§ Task objective
Leaving out the pictures, restate each record below word for word.

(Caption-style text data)
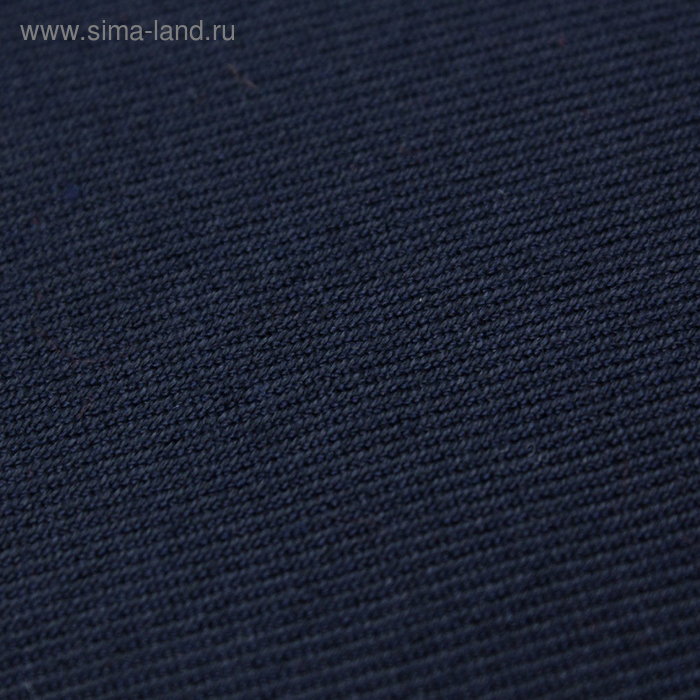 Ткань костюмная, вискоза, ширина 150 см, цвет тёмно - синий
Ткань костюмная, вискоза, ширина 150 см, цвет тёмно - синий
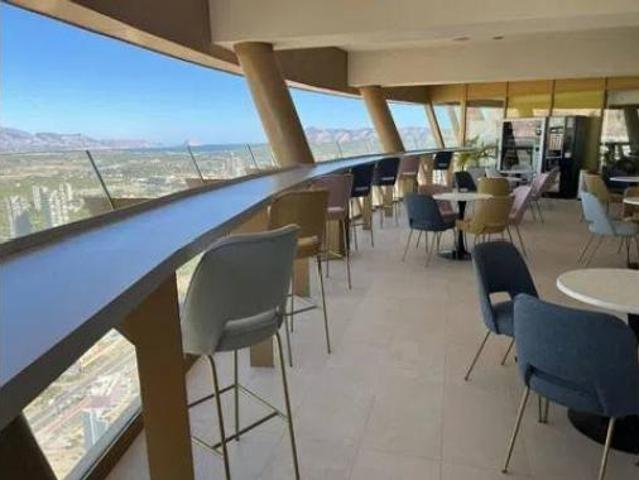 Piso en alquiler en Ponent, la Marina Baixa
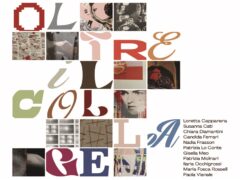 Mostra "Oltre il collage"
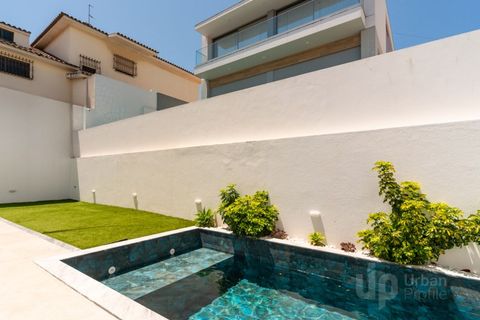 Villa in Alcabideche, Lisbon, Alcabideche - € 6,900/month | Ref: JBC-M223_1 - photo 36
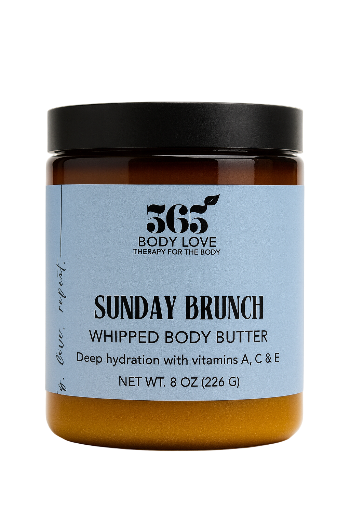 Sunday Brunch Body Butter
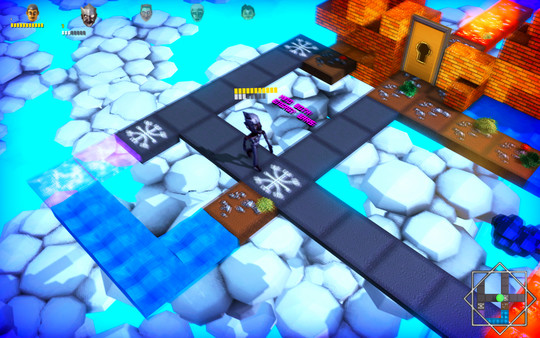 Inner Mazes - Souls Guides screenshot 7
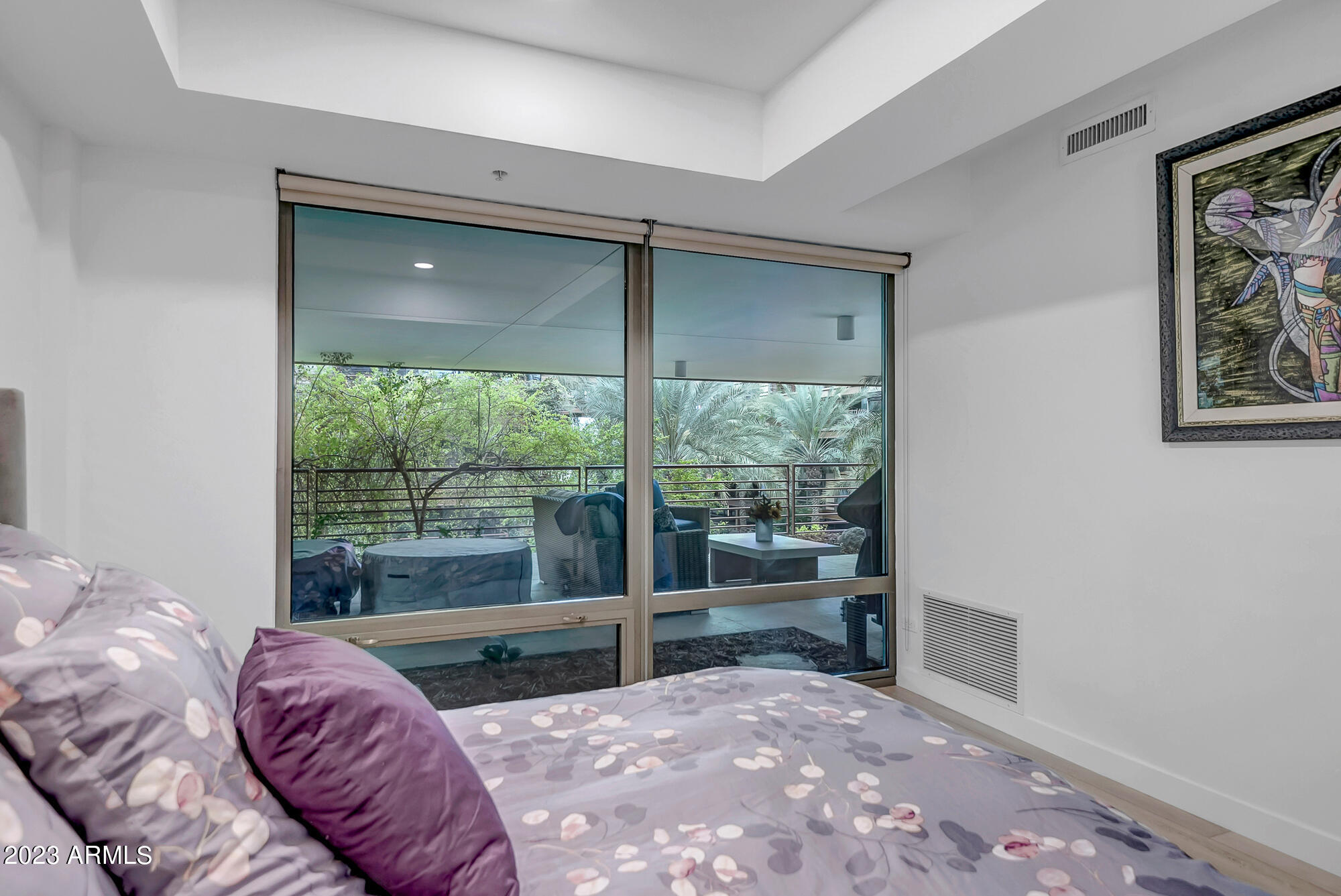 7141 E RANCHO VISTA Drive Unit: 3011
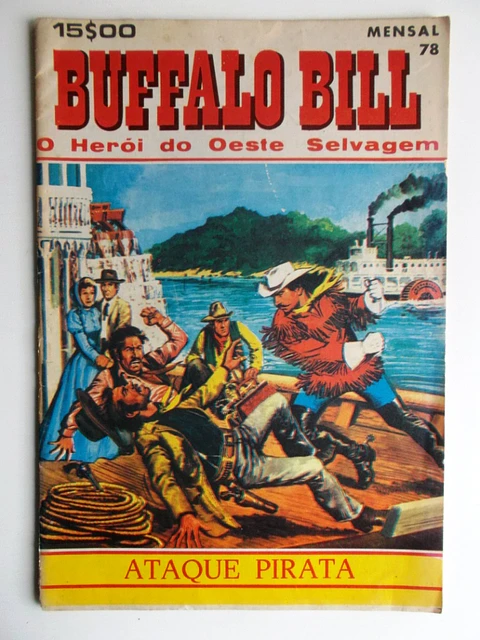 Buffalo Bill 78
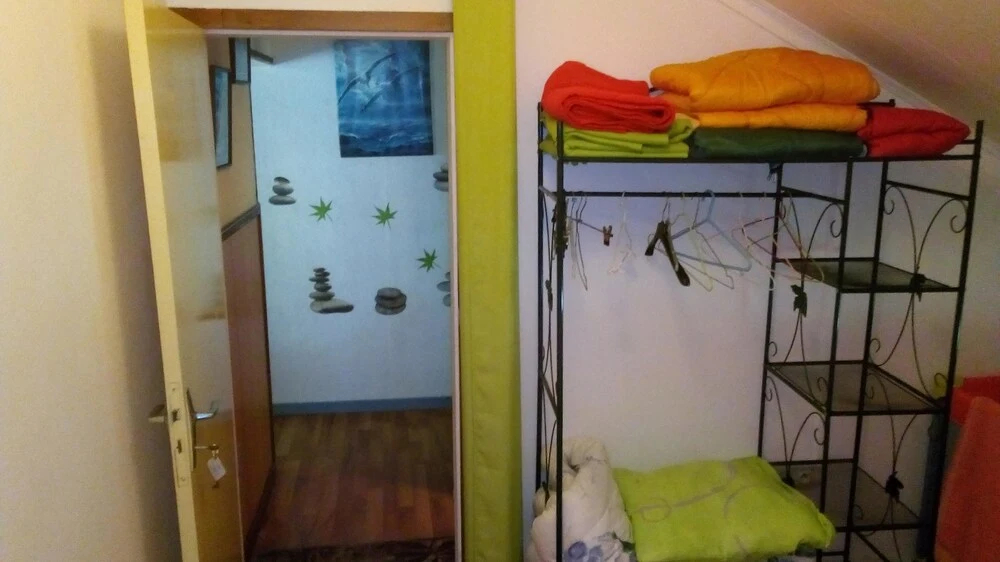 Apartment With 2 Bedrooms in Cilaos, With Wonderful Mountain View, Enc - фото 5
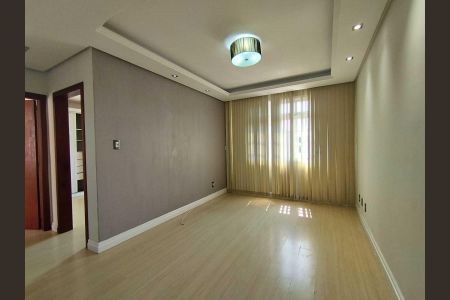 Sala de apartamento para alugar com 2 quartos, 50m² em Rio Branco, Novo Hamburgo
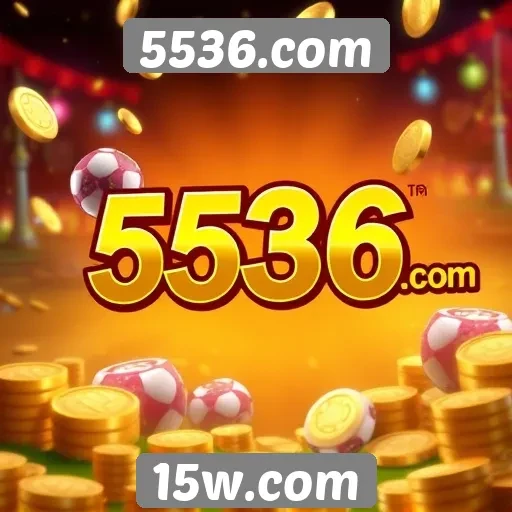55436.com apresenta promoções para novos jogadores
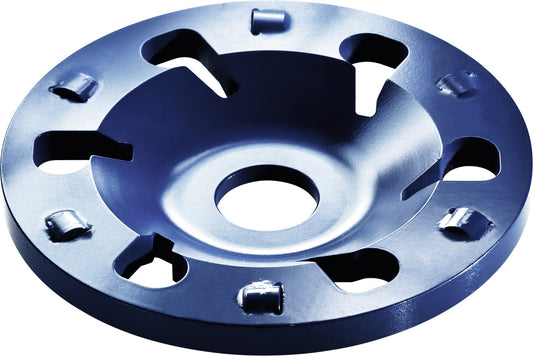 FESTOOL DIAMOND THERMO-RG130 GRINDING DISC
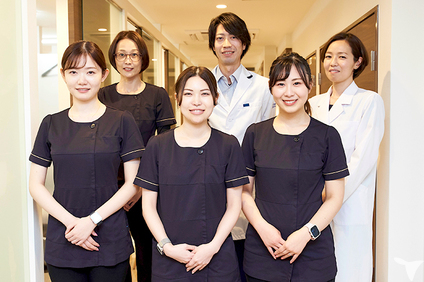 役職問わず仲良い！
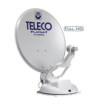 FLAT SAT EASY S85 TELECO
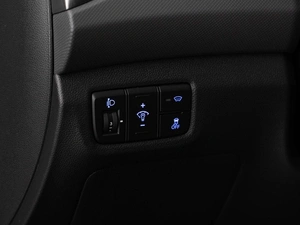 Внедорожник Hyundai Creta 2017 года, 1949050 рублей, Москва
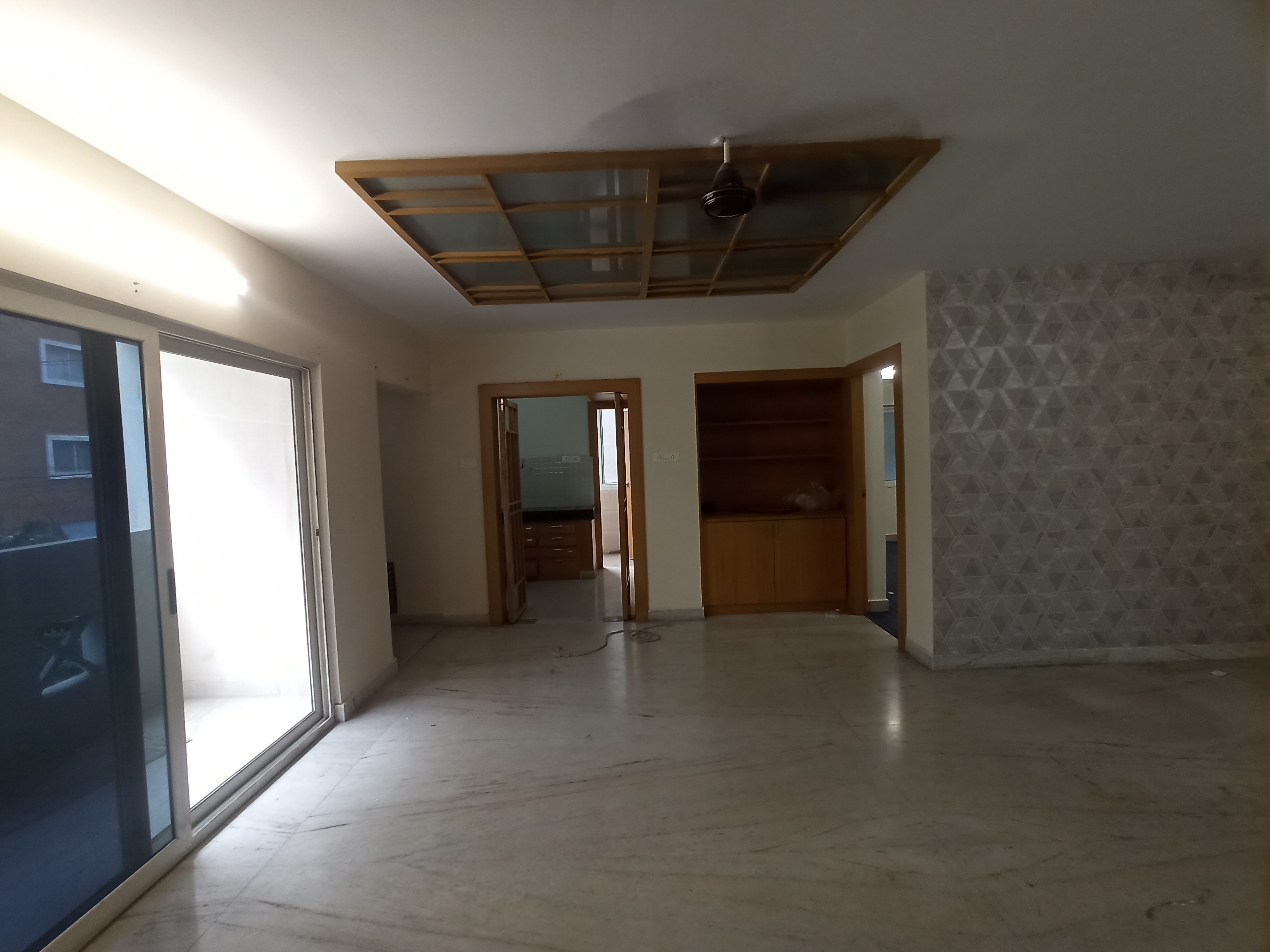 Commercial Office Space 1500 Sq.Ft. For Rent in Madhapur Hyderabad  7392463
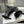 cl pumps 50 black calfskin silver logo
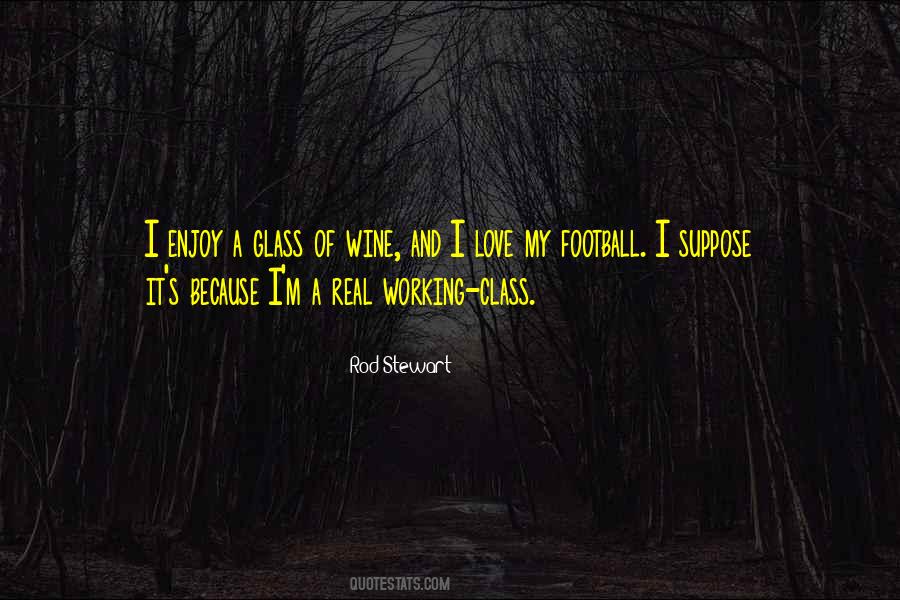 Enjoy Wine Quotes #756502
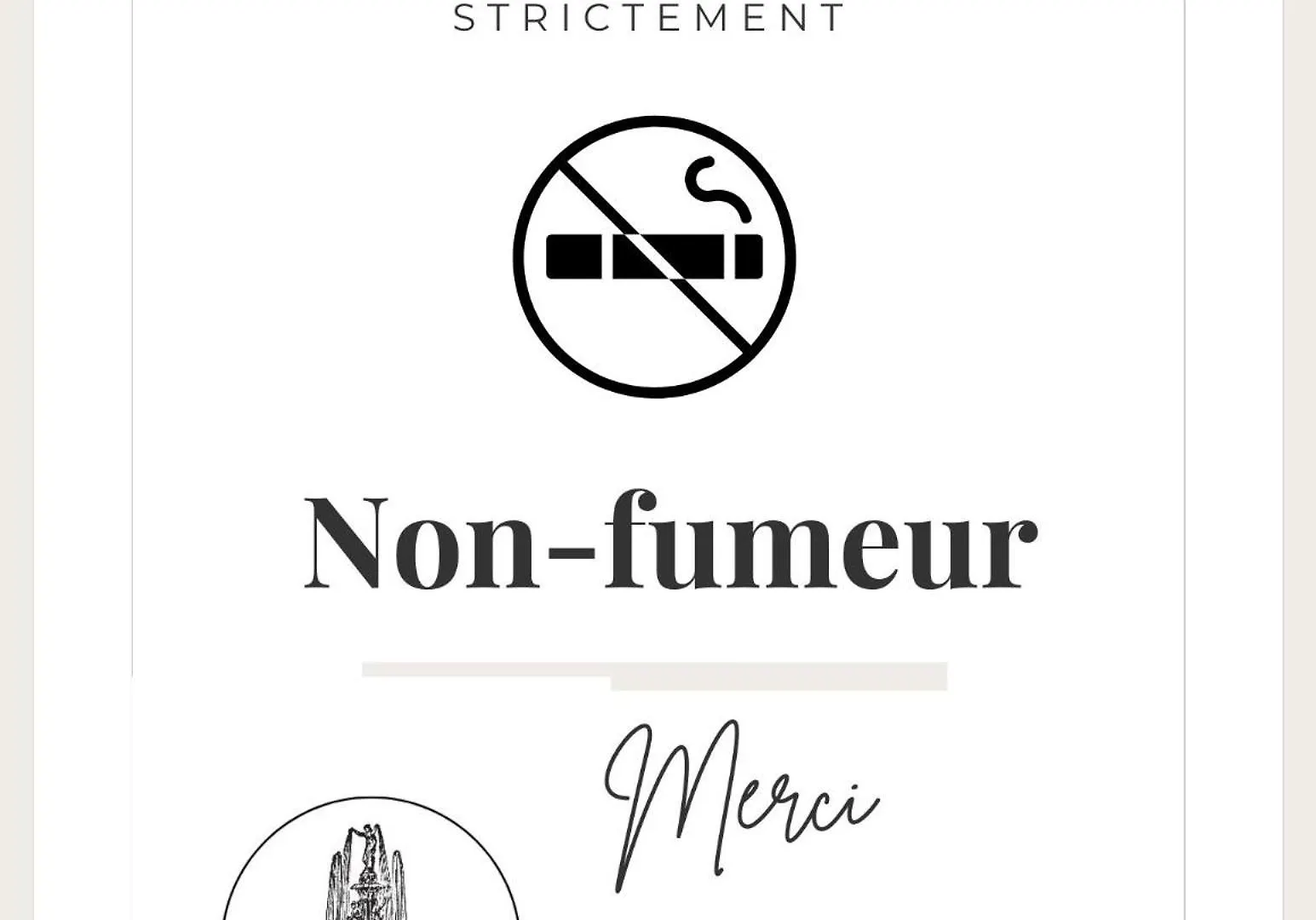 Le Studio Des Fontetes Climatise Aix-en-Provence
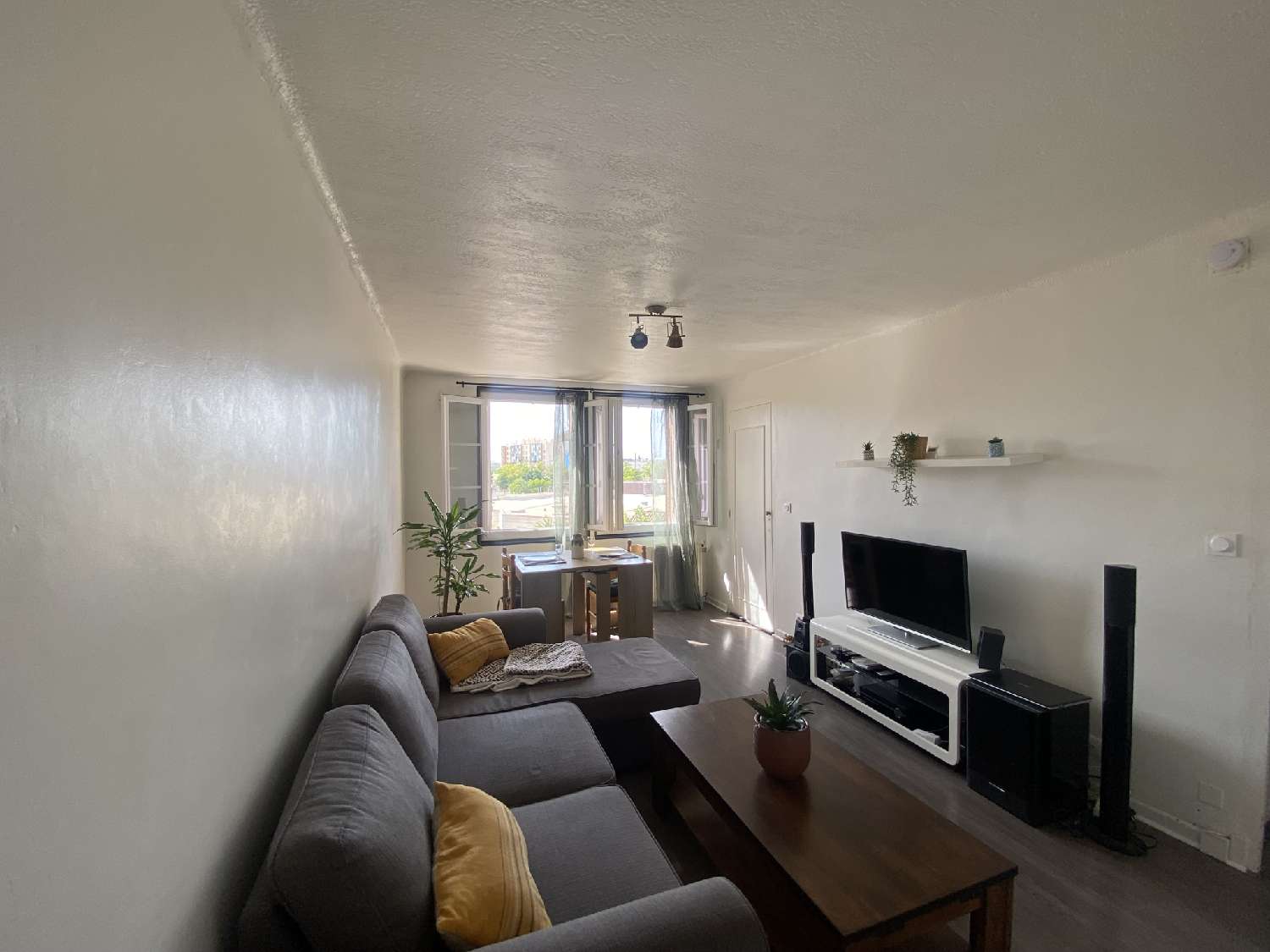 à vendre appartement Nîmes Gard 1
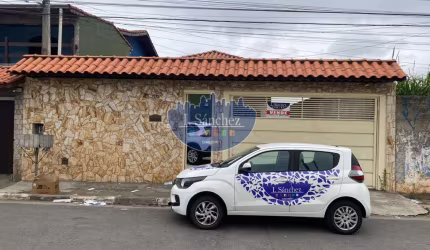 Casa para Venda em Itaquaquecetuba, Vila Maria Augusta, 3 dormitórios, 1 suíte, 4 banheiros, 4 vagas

§ Exercise solution
 Ткань костюмная, вискоза, ширина 150 см, цвет тёмно - синий
Ткань костюмная, вискоза, ширина 150 см, цвет тёмно - синий
 Piso en alquiler en Ponent, la Marina Baixa
 Mostra "Oltre il collage"
 Villa in Alcabideche, Lisbon, Alcabideche - € 6,900/month | Ref: JBC-M223_1 - photo 36
 Sunday Brunch Body Butter
 Inner Mazes - Souls Guides screenshot 7
 7141 E RANCHO VISTA Drive Unit: 3011
 Buffalo Bill 78
 Apartment With 2 Bedrooms in Cilaos, With Wonderful Mountain View, Enc - фото 5
 Sala de apartamento para alugar com 2 quartos, 50m² em Rio Branco, Novo Hamburgo
55436.com apresenta promoções para novos jogadores
 FESTOOL DIAMOND THERMO-RG130 GRINDING DISC
 役職問わず仲良い！
 FLAT SAT EASY S85 TELECO
 Внедорожник Hyundai Creta 2017 года, 1949050 рублей, Москва
 Commercial Office Space 1500 Sq.Ft. For Rent in Madhapur Hyderabad  7392463
 cl pumps 50 black calfskin silver logo
 Enjoy Wine Quotes #756502
 Le Studio Des Fontetes Climatise Aix-en-Provence
 à vendre appartement Nîmes Gard 1
 Casa para Venda em Itaquaquecetuba, Vila Maria Augusta, 3 dormitórios, 1 suíte, 4 banheiros, 4 vagas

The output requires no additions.